El estudio del ADN es hoy
esencial para el conocimiento de la condición biológica última de un ser vivo. Los
caracteres morfológicos pueden ayudar, y son muchas veces suficientes para
reconocerla, pero otras veces nos dejan
a la puerta de ese reconocimiento, y sólo el estudio del ADN nos permite
decidir la cuestión. Y decidirla incluso contra la resistencia que ofrece nuestra
propia intuición, como cuando nos dice que los hongos están más próximos a los
animales que a las plantas, o cuando establece que
ciertas bacterias están más próximas a los animales y plantas que a otras bacterias que
nos parecen casi idénticas a ellas.
El ADN es, en estos comienzos del
siglo XXI, el único dato que decide la cuestión. Y es un dato que no es posible
corregir eliminando sus manifestaciones: los rasgos morfológicos no determinan
nada, lo único que hacen es permitirnos atisbar en lo profundo, remitirnos a su
condición última, mostrarnos su identidad.
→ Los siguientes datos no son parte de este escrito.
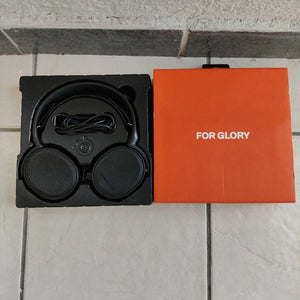 AUDIFONOS STEELSERIES ARCTIS 3 ALAMBRICO OVER EAR (SEMINUEVO)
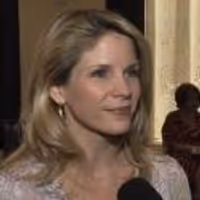 TV: Meet the Drama Desk Nominees; Part 3- Judith Light, Kelli O'Hara, and More! Video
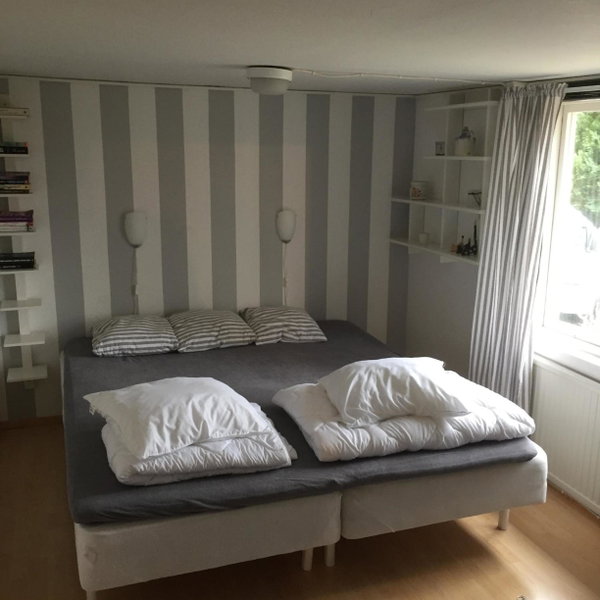 Stuga i Ullared, Ullared, Sweden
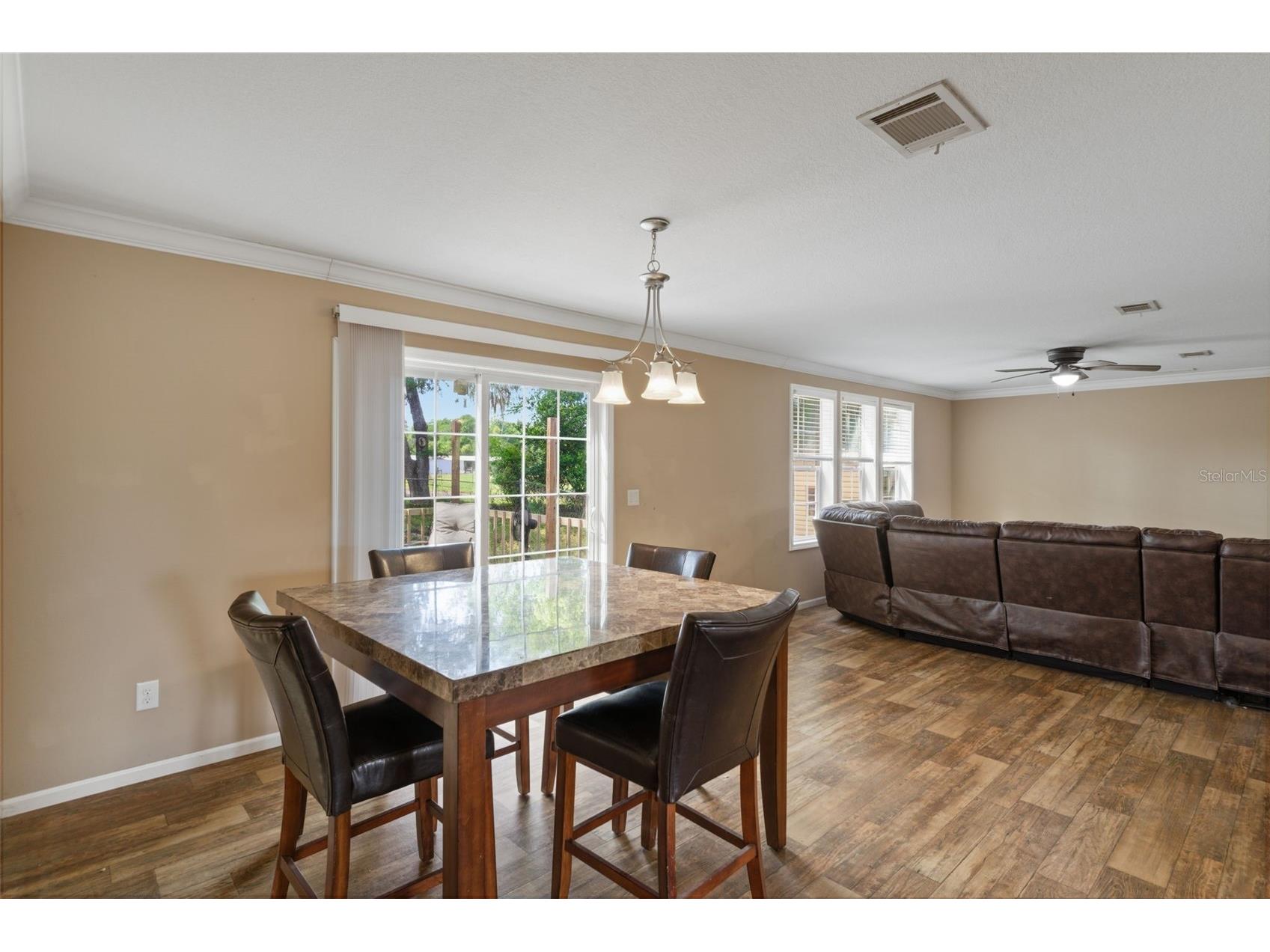 38616 Coleen Avenue Zephyrhills FL 33540 A4688629 image25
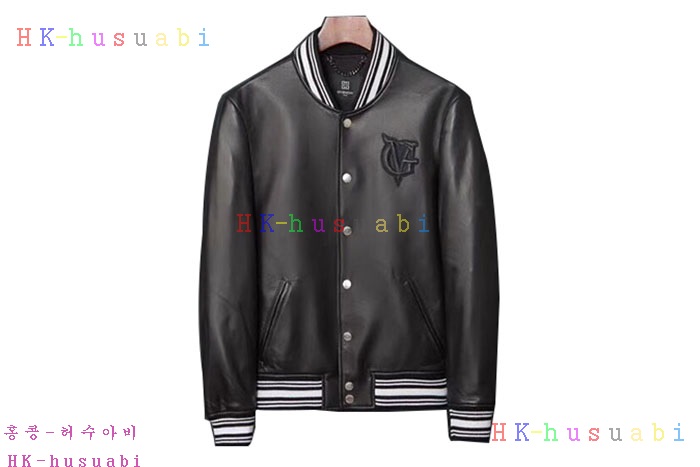 NEW ����� ������ ���� G 385525 (�簡��)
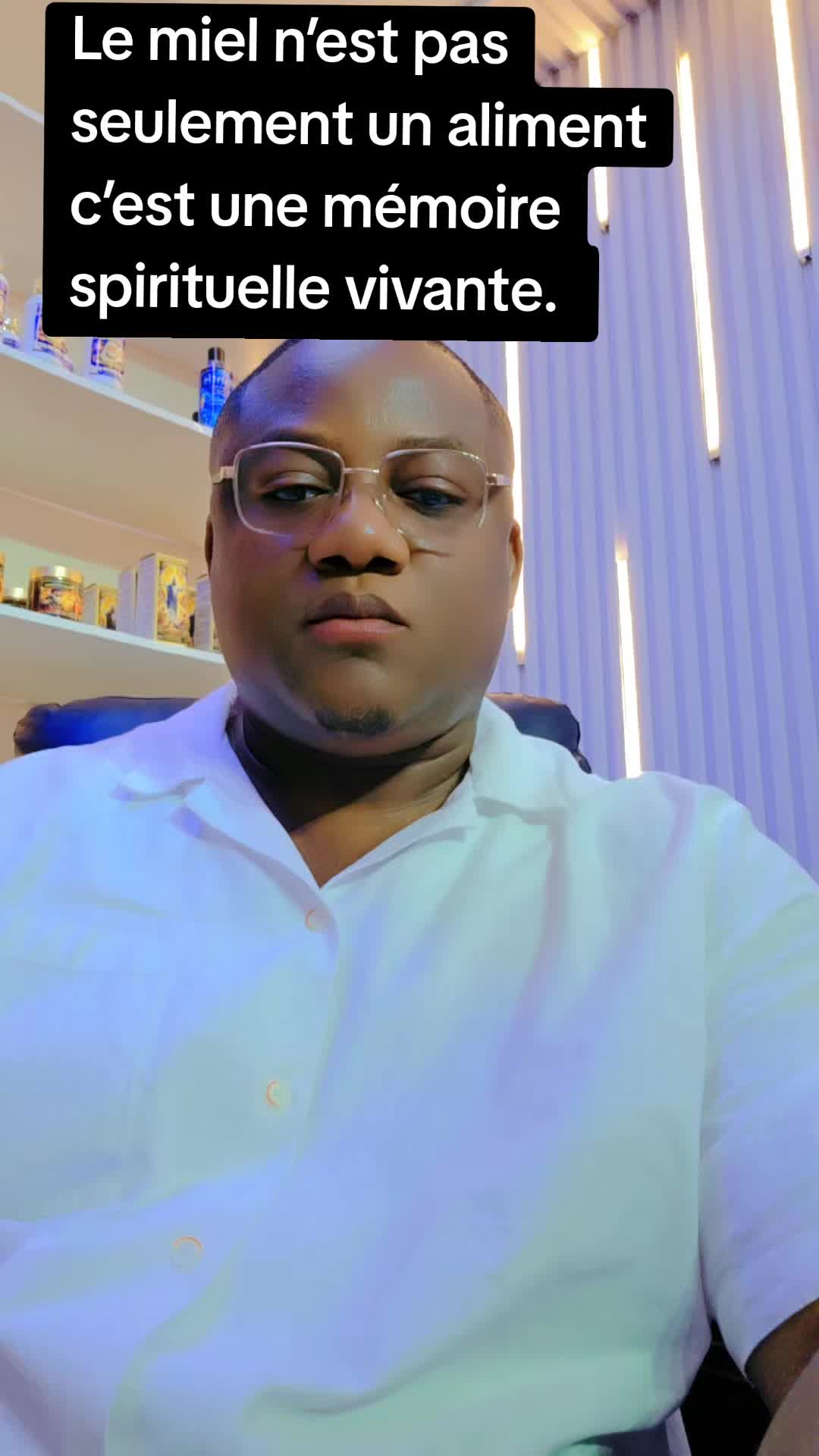 @ROI MAGE 237 OFFICIEL LE PADRE
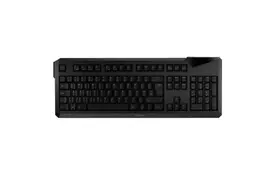 Клавиатура Tesoro DURANDAL, red switch - Фото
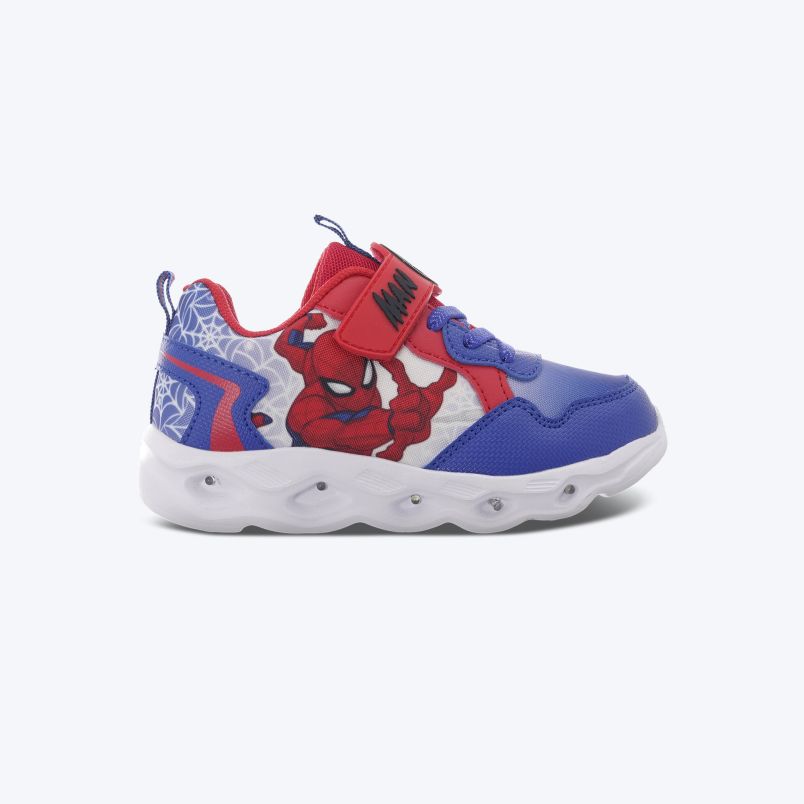 SUGI Patike spiderman BTP - R1310642T-0010#24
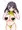 鈴木さくら
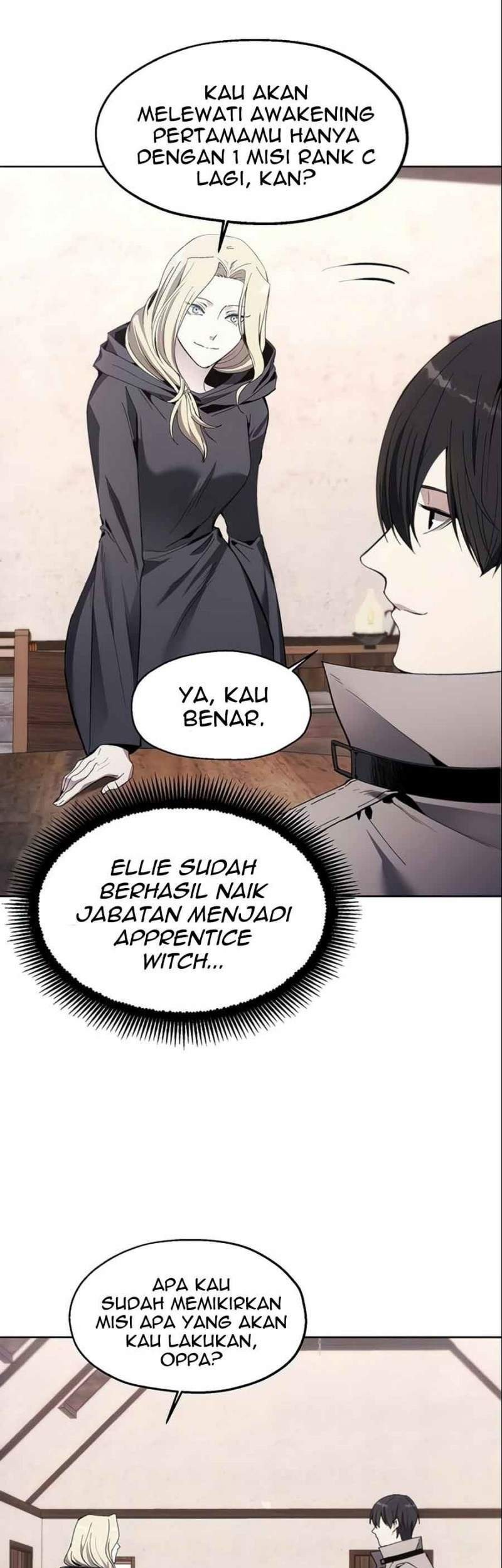 Halaman 240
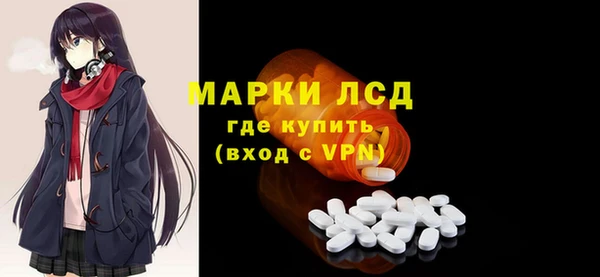 сатива Аркадак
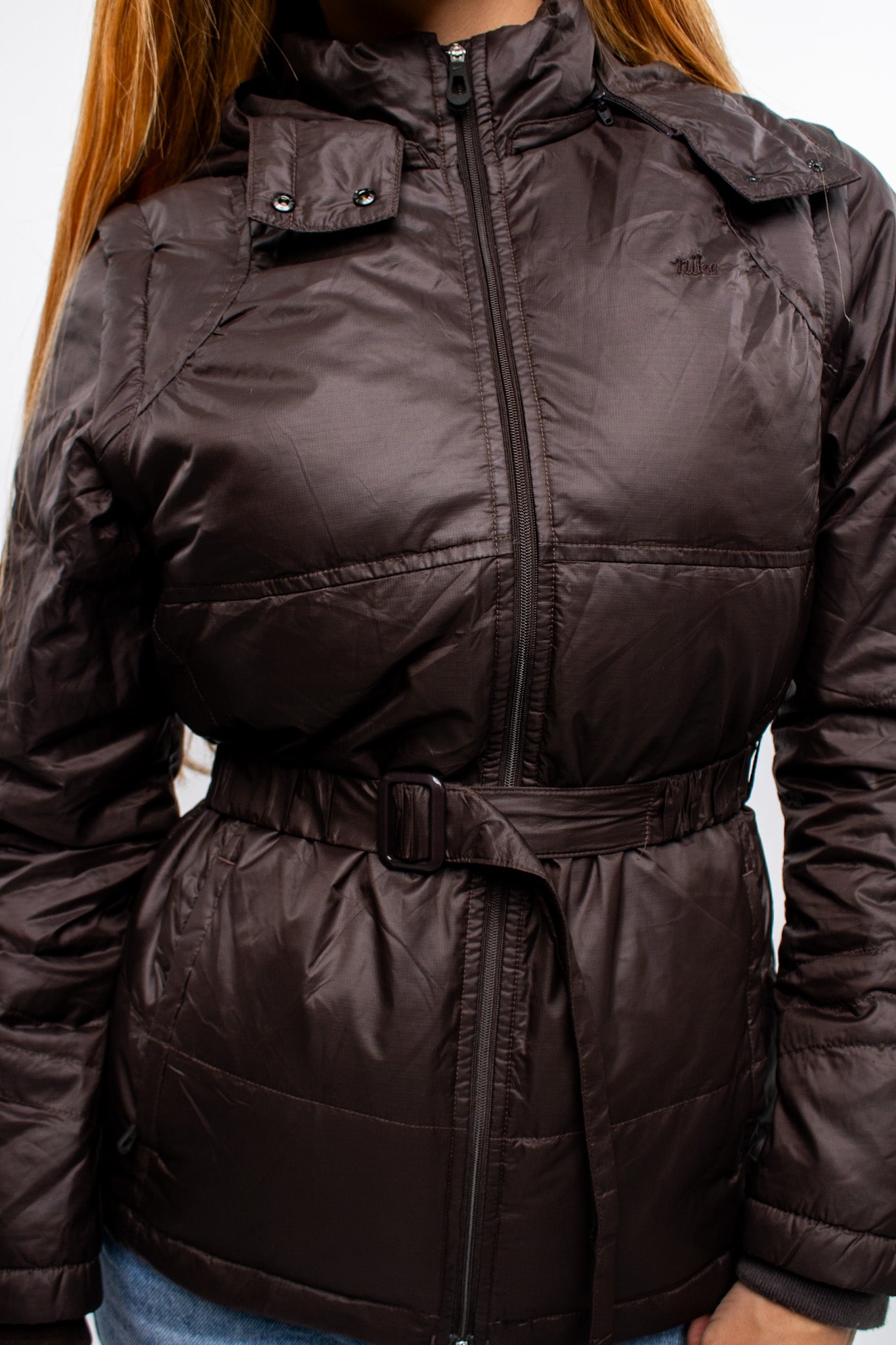 Nike Jacket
Por eso es un error creer que
suprimiendo el carácter eliminamos la identidad: quitarle las alas a una mosca
no la convierte en otro animal, sólo la convierte en una mosca mutilada. Del
mismo modo que castrar a un toro lo convierte en buey -en toro castrado-, pero no lo convierte en vaca. No tiene esa opción. No está en sus genes.